PATH!s are not for lookup, but are for "OPTIONS"

There is a feature of FAIL which is that you can pass it a location to "blame". It's a skippable argument, which you currently pass as an @-word:

greet-negative-number: func [message [text!] n [integer!]] [
    if n >= 0 [
        fail @n "It's called GREET-NEGATIVE-NUMBER, bozo!"
    ]
    print ["Hello" n ":" message]
]

It's nice because instead of seeing the error location as being reported from inside of GREET-NEGATIVE-NUMBER, it points at the callsite... and tell you the name of the offending argument... and its offending value.

Plus, both the error "reason" and the thing to "blame" are optional. This means if you're lazy you can just blame the parameter without a message:

if n >= 0 [fail @n]

You still have the name of the variable, its value, and the better implication of the source of the error at the callsite.

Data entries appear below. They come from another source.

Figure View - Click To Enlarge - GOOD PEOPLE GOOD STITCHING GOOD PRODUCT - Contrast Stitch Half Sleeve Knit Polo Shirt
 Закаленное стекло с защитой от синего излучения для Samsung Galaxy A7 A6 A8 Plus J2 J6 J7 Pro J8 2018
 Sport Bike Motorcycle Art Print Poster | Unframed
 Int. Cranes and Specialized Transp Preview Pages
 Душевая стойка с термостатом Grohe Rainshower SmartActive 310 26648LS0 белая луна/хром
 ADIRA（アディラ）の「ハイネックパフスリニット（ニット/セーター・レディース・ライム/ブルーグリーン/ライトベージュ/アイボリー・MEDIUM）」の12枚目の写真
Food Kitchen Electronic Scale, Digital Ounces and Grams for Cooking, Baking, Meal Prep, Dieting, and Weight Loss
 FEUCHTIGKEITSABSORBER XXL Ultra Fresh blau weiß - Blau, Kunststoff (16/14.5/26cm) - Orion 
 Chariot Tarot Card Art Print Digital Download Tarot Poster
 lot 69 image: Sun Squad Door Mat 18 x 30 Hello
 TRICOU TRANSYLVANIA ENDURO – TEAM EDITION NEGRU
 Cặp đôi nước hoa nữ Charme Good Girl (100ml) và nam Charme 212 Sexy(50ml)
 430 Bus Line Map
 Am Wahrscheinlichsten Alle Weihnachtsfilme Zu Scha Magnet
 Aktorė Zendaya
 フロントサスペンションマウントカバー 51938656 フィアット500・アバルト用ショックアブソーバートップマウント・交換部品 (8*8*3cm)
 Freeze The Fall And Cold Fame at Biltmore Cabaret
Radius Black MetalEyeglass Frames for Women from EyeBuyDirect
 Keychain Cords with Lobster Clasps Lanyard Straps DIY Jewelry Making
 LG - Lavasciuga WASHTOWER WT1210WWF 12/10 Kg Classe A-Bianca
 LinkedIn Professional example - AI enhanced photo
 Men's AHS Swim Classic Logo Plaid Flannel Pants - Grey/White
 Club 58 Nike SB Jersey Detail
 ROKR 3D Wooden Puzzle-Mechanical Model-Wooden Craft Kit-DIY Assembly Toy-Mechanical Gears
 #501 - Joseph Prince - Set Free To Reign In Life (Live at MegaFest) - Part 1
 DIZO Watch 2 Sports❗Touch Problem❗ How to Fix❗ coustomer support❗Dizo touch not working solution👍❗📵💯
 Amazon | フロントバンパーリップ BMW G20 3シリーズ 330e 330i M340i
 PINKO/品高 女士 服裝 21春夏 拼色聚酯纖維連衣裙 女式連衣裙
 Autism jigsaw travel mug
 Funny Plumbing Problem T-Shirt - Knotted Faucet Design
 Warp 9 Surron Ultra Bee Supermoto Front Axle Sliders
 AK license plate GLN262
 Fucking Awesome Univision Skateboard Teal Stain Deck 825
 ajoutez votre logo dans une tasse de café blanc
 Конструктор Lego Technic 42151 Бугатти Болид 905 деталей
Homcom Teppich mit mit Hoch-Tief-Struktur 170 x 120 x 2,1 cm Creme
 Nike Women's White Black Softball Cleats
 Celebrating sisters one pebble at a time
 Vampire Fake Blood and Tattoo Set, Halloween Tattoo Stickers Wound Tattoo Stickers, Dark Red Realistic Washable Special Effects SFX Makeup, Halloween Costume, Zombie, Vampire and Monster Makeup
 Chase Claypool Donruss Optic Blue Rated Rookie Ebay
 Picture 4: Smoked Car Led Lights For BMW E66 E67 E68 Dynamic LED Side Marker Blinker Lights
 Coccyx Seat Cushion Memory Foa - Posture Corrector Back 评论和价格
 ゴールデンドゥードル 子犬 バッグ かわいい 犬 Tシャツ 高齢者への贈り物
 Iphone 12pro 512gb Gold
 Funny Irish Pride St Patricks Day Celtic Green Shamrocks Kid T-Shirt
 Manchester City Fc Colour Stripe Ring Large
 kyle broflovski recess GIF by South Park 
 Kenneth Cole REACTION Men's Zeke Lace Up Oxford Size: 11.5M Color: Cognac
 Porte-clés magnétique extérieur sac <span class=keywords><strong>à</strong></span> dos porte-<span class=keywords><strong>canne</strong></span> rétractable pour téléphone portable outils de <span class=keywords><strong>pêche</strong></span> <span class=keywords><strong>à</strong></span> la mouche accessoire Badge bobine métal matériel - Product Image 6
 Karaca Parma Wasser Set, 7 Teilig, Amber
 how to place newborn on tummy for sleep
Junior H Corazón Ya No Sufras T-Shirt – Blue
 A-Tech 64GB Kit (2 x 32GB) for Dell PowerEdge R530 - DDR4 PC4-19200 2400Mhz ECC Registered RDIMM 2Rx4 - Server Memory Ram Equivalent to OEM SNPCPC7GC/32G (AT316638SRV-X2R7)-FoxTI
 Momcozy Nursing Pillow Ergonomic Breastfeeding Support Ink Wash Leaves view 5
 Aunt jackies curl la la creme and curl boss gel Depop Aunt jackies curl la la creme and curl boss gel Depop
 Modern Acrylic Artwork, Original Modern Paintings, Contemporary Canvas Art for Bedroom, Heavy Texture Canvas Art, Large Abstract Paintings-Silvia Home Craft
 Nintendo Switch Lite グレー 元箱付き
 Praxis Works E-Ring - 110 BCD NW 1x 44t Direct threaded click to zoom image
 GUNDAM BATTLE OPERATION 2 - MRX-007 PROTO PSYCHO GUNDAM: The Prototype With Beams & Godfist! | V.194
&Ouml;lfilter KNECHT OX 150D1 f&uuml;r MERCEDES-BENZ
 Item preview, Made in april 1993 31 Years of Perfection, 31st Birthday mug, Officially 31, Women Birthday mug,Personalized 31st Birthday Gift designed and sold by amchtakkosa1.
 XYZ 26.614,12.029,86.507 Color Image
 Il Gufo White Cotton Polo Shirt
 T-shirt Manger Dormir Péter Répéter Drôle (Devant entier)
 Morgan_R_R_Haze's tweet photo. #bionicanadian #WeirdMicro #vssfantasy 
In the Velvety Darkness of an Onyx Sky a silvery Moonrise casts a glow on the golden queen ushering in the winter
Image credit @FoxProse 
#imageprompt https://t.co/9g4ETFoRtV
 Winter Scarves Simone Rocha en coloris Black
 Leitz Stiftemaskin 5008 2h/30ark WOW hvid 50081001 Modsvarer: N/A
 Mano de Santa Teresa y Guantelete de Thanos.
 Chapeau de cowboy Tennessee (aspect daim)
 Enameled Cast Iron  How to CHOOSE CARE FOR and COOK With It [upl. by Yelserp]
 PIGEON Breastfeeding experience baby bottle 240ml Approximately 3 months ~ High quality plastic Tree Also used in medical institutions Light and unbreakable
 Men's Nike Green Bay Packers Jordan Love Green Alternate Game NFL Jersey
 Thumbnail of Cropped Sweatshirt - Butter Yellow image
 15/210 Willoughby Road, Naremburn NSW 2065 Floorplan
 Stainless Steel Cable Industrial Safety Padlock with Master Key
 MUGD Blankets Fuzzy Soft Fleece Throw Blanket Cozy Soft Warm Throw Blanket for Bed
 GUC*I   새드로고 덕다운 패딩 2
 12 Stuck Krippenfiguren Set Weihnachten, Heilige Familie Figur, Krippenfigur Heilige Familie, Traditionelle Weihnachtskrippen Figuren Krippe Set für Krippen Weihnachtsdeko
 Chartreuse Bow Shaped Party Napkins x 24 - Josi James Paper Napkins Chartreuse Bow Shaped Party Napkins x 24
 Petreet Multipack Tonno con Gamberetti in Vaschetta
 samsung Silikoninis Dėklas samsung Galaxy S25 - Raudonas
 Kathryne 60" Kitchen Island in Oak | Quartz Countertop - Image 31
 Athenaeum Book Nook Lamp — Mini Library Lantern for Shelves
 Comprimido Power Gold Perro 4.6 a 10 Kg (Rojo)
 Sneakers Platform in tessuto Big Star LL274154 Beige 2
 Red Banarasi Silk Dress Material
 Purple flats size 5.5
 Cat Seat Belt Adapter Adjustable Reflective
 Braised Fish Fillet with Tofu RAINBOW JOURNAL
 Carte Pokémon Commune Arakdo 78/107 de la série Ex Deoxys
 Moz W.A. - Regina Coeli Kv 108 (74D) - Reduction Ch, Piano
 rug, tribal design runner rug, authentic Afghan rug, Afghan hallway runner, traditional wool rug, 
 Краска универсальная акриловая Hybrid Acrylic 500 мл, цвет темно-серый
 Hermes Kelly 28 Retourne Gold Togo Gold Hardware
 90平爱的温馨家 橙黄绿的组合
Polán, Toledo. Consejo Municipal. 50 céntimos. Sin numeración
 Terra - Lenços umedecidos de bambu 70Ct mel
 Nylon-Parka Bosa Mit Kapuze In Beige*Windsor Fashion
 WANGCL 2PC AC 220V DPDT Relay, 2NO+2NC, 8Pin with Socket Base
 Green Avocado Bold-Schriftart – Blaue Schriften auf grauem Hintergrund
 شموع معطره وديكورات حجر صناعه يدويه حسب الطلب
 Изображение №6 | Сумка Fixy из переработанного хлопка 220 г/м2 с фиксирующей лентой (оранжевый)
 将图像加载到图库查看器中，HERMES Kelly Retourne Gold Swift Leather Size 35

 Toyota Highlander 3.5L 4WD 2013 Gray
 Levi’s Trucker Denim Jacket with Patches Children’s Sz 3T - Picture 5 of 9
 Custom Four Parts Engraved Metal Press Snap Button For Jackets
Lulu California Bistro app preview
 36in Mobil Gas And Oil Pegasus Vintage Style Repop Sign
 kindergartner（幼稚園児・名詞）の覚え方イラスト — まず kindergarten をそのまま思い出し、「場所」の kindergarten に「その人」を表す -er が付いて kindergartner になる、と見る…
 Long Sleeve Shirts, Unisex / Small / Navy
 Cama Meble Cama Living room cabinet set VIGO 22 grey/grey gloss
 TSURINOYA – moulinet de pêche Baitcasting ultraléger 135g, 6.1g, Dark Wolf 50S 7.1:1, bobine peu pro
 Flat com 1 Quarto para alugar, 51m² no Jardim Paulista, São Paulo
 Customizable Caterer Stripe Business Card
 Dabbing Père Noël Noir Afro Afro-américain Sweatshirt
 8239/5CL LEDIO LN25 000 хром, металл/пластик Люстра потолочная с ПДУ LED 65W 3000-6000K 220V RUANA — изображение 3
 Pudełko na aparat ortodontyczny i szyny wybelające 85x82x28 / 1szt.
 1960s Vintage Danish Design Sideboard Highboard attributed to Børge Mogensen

Though if you want to just be lazy you can just leave it all off and have a generic failure... which is especially nice in things like SWITCH:

switch x [
    1 [print "one"]
    2 [print "two"]
    fail
]

Back To The Point: About PATH!s vs. TUPLE!s

So certainly if you're going to blame a variable, it should be possible to blame not just WORD!s but things that are looked up in objects.

obj: make object! [n: 1020]
if obj.n >= 0 [
    fail @obj.n "Let's say I want this to be negative, too"
]

** Error: Let's say I want this to be negative, too
** Blame: obj.n is 1020

But then I started thinking about the idea that you might have something else to say. Like whether to show the name of the variable in the error.

fail @obj.n/anonymous "Let's say I want this to be negative, too"

** Error: Let's say I want this to be negative, too
** Blame: 1020

If "PATH!s Are For Options", could values have them?

Fancifully:

>> n: 304

>> n/lastdigit
== 4

This blurs the line between "member access" and "option". Perhaps if you can only read a property but not write it, then it's more like calling a function and getting a result?

I'm not exactly sure where this line of argumentation goes. I just thought the application of pathing to add options to the blame argument of FAIL was interesting enough to write up and add to this thread.